Good question. Here's a very interesting article about fun from Colin Johanson, lead content designer for some other MMO. It's all about, fun. The paragraphs that hit me in the eye:
"The answer can be found in the mechanics and choices made in subscription-based MMOs, which keep customers actively playing by chasing something in the game through processes that take as long as possible. In other words, designers of traditional MMOs create content systems that take more time to keep people playing longer. If this is your business motivation and model so you keep getting paid, it makes sense and is an incredibly smart thing to do, and you need to support it.

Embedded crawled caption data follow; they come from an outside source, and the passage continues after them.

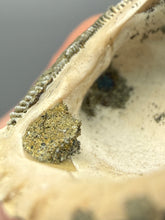 Load image into Gallery viewer, Bivalve (Pelecypoda) Fossil Sea Shell with Chalcopyrite | Mineralized Fossil Specimen | Indonesia
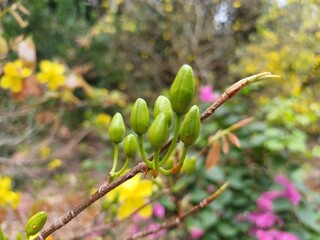 Close up of yellow apricot blossom buds or ochna integerrima buds in the garden at Mekong Delta Vietnam.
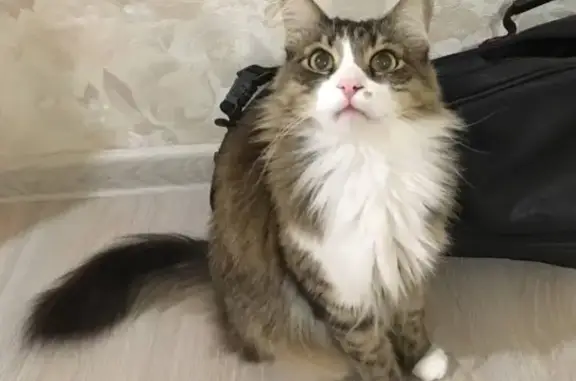 Кошки потеряшки, Екатеринбург, фото: Потеряшка кот на ул. Белореченская, 7 - помогите найти!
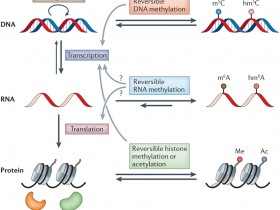 RNA甲基化（m6A）研究—最前沿表观遗传研究热点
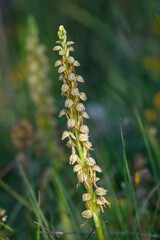 Ohnhorn (Orchis anthropophora)
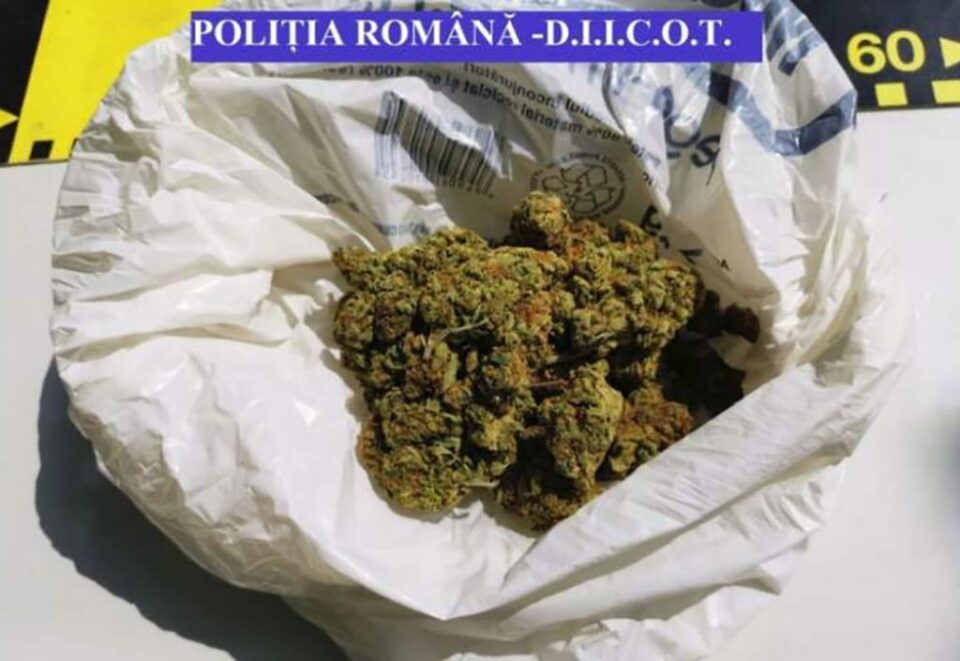 Captură de canabis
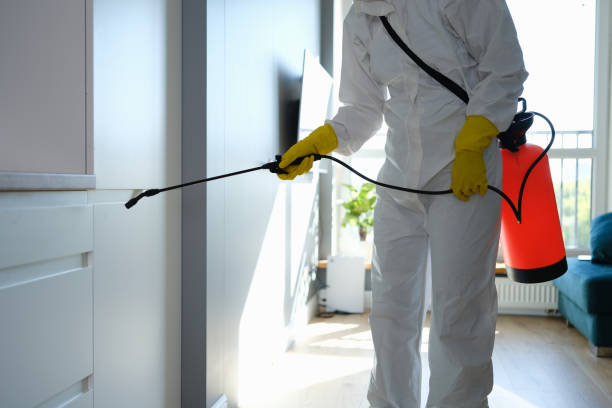 Best Toxic Mold Removal  in Country Walk, FL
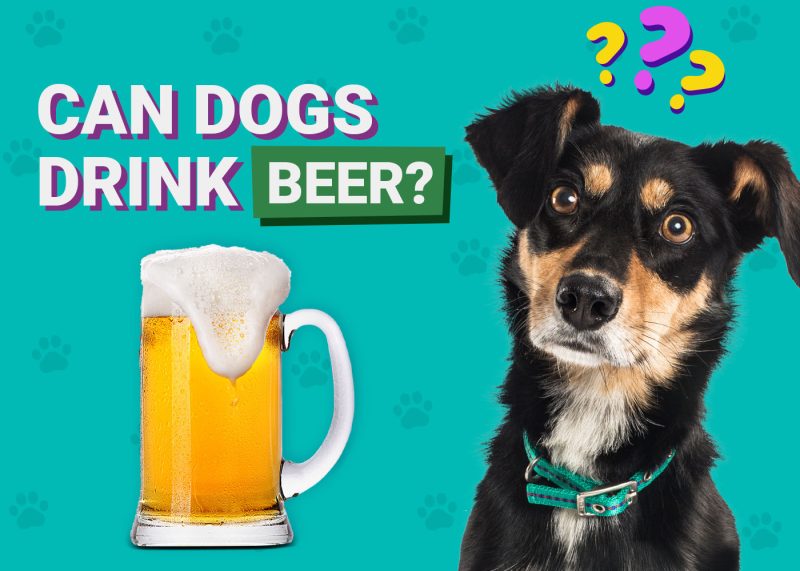 Can Dogs Drink Beer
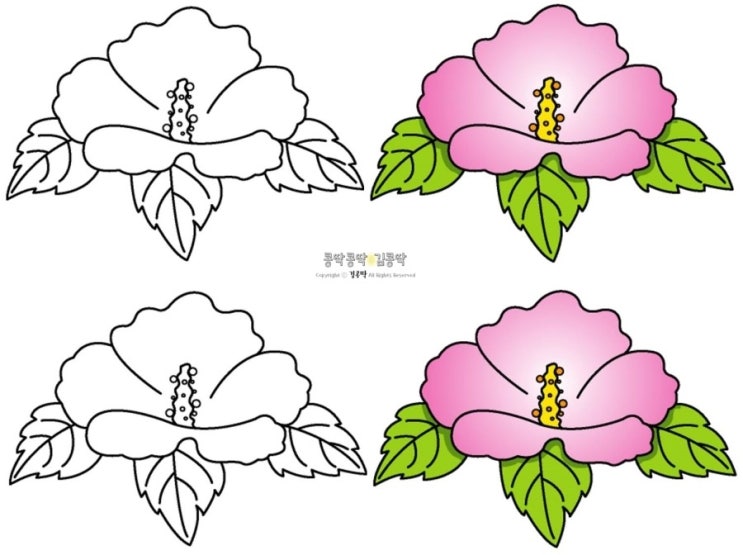 우리나라 무궁화 꽃 이미지 도안 색칠하기 네이버 블로그 8780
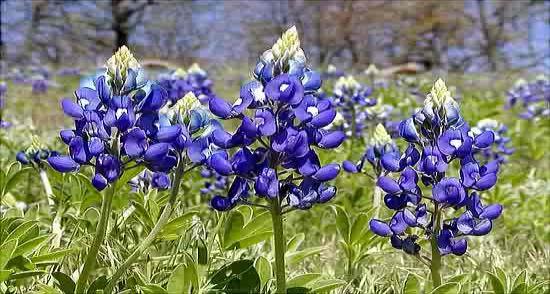 Slide 4 Texas State Flower Bluebonnet The state flower of Texas is the Bluebonnet.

When your game systems are designed to achieve the prime motivation of a subscription-based MMO, you run the risk of sacrificing quality to get as much content in as possible to fill that time. You get leveling systems that take insane amounts of grind to gain a level, loot drop systems that require doing a dungeon with a tiny chance the item you want can drop at the end, raid systems that need huge numbers of people online simultaneously to organize and play, thousands of wash/repeat item-collection or kill-mob quests or dailies with flavor text support, the best stat gear requiring crazy amounts of time to earn, etc.
But what if your business model isn’t based on a subscription? What if your content-design motivations aren’t driven by the need to create mechanics that keep people playing as long as possible? When looking at content design for Guild Wars 2, we’ve tried to ask the question: What if the development of the game was based on…wait for it…fun?"